§ Available data:
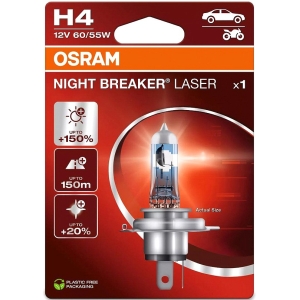 12V H4 PIRN 60 / 55W P43T NIGHT BREAKER LASER II +150% BLISTER 1TK OSRAM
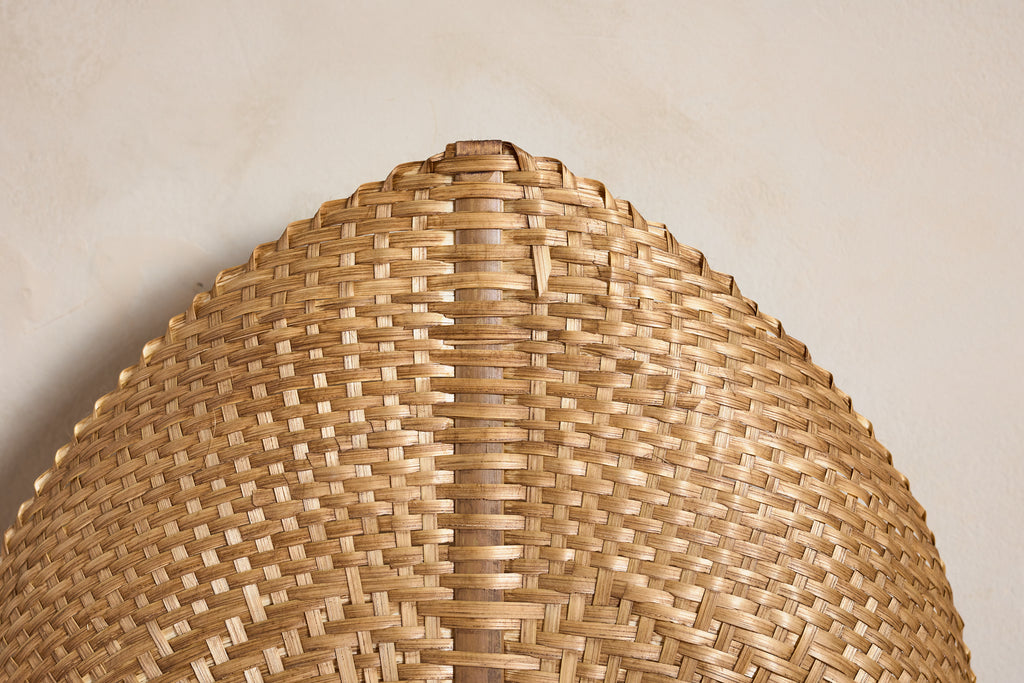 Italian Rattan Fan Sconces by Vivai del Sud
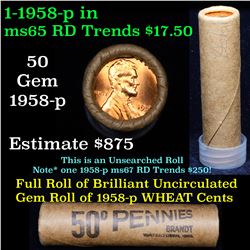 Uncirculated Shotgun Lincoln 1c roll, 1958-p 50 pcs Brandt Wrapper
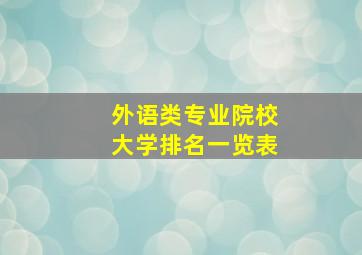 外语类专业院校大学排名一览表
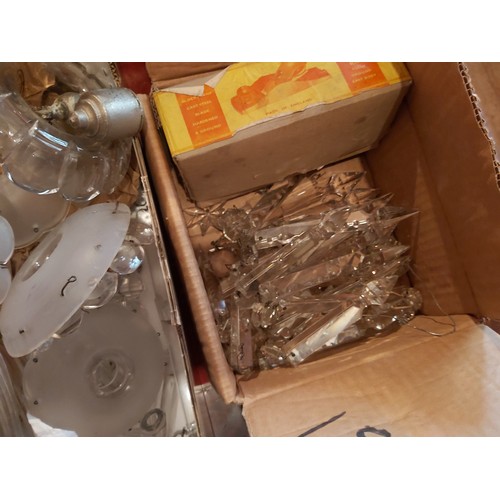 231 - Assorted lot of chandelier fittings, etc and  boxes of chandelier drops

§ What is being asked:
Repeat the listing above exactly, with no pictures.

§ Written response:
 12V H4 PIRN 60 / 55W P43T NIGHT BREAKER LASER II +150% BLISTER 1TK OSRAM
 Italian Rattan Fan Sconces by Vivai del Sud
 Uncirculated Shotgun Lincoln 1c roll, 1958-p 50 pcs Brandt Wrapper
 外语类专业院校大学排名一览表
 231 - Assorted lot of chandelier fittings, etc and  boxes of chandelier drops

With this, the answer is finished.